The last post probably seems incredibly shallow and to a degree it is. Of course I like a muscular man who's strong and can pick me up on a whim. However, the reason someone who works out is important to me is because going to the gym and working out is a lifestyle. It goes with eating well and taking care of your body. Obviously that photo is a not extreme but I want to be with someone who cares about their body and their health. I am a much happier person when I go I the gym. I feel better, I sleep better, I'm less stressed out and I'm more confident. All of these things matter to me. And not all but most people who don't live that kind of lifestyle don't understand that I'm inclined to get up early on Saturday so I can go to the gym. I am probably not going to eat garbage all week because it doesn't make my body feel good or give me the nutrition I need. Most people who don't live that lifestyle can't understand that I won't be one until 7pm when I left at 7am because it's imperative I go to the gym before I go home. Most people don't understand that I don't want to booze hard all the time because it's counterproductive. Or I might not meet you for coffee or a drink or lunch because I haven't gone to the gym yet and I need to. 
Granted there are some people who do understand the type of commitment that this lifestyle entails and if I find a man that makes me happy and treats me well and understands my love for the gym then yeah maybe it could work.
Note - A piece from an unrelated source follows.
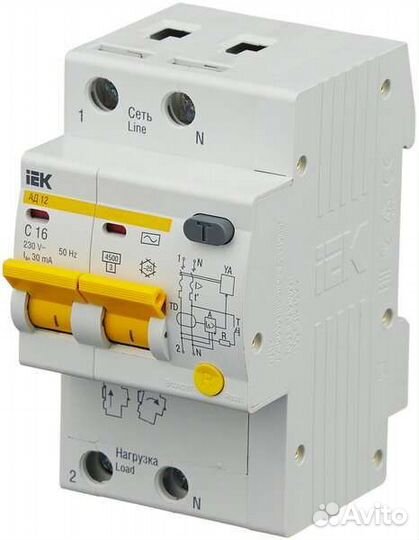 Выключатель автоматический ад12 с16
But until I find price charming I am going to be checking out every single dude at the gym eeSt single day. 
P.S. In Calgary the gym is HOT DUDE CENTRAL. 

But actually do you lift bro?


Sunday, January 5, 2014

Brilliant.

I'm reading The Giver again. I start teaching it. I forgot just how much I love this book. 

I just don't know.

I think sometimes you reach this point in life where you just don't really know anymore. I feel like I don't know anything at this point. I'm not where I thought I'd be at 22. I'm not sure how the next few months are going to go. 

I want you to be strong for me.

HP and CR got engaged. I'm happy for HP because this is what she's wanted for a very long time. She seems much happier in this relationship than she did when she was with BN. 
Despite my happiness for them, I hate when people my age get engaged. I hate the notion that someone has found someone that they want to spend their entire life with. They are okay to commit fully to someone. It just makes me feel behind. I know that I'm not and getting married at 22 is the right time for some people. You know when you're in junior high and high school, being married at 21, 22, 23 seems reasonable. And then you are 18 finishing high school with a boy you love and you can see being ready to marry him in 3 or 4 years. And then you're 21 or 22 and you are unsure of how you got here so fast; you're not ready to be married. And I think about how alone I am. Not that I need to get married right now but when you don't even have a prospective relationship in sight it's frustrating. You see how happy people can be in a partnership and it's something to be desired. 
At the end of the day all of the most successful people in life always talk about love being the most important thing. It's a driving and connecting force in our lives. 
And I'm strong, I know that I will be just fine and one day I will figure it out. Sometimes I just don't want to be the strong one. I want someone to be strong for me.